While the phenomenon of better night-time radio reception might be foreign to a generation brought up on podcasts and streaming media, anyone who grew up tuning into far off radio channels late at night (or continuing to do so) can attest to the startling clarity a midnight stroll around the radio dial can provide.

Why exactly are distant AM and shortwave radio stations so much clearer at night? While it would be tempting to imagine it has something to do with the cool night air or the silence that typically permeates the evening, the secret lies miles and miles above the surface of the Earth in the ionosphere.

During the day, the ionosphere is bombarded by sunlight which ionizes the molecules in it. At night when the sun is blocked by the Earth, the lower levels lose their ionization while the upper and less dense levels remain fairly well ionized and full of energy. During this period of time, radio waves pass into the upper reaches of the ionosphere where they collide with the highly energized electrons of the ionized molecules. When the radio wave frequency and the electrons fall into alignment, the electrons give the signal a boost and shoot it back down to Earth. Depending on the conditions, this can happen several times in a row and, in the process, propagate the radio signal well beyond its daytime range.

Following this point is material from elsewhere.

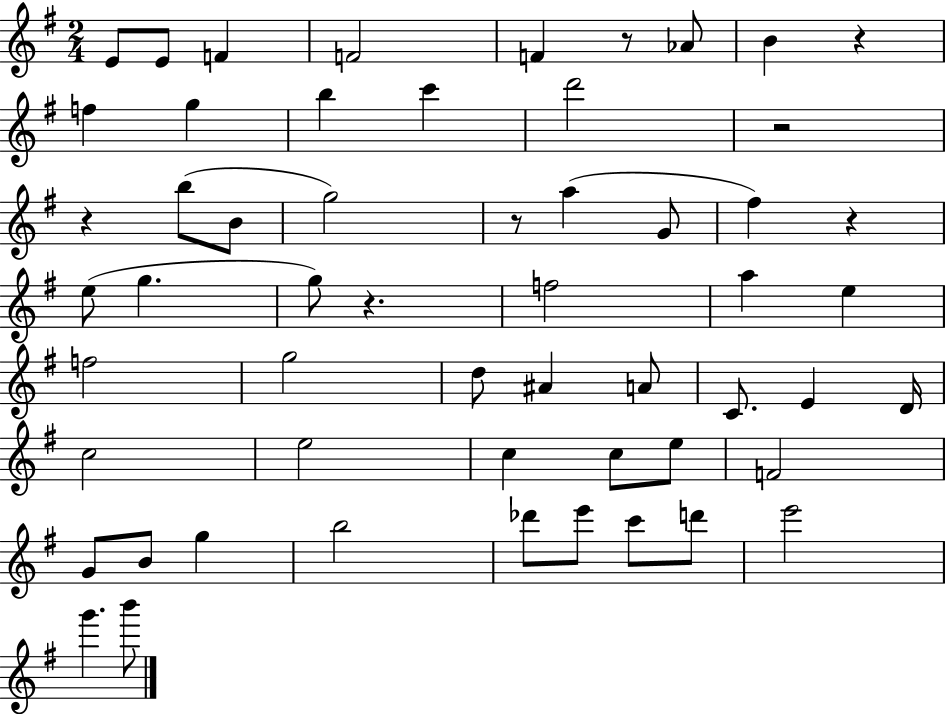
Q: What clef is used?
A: treble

In fact, the propagation can be so significant that AM radio stations can easily broadcast in a thousand-mile or more radius and shortwave signals can often bounce around the curvature of the Earth and be heard across oceans. As a result of this, many AM stations either lower their broadcast power at night or kill their signal completely lest they spill over into other radio station’s broadcast territory. There are, after all, only around 100 AM radio channel frequencies in use but thousands upon thousands of AM radio stations. If all stations stayed at full broadcasting power at night, the radio would become unusable across entire continents.

This phenomenon doesn’t affect FM broadcasts as FM radio frequencies are propagated almost entirely by a phenomenon known as groundwave propagation. The shifting of the ionosphere and the increased transmission length produced by extended skywave propagation has little to no impact on FM radio.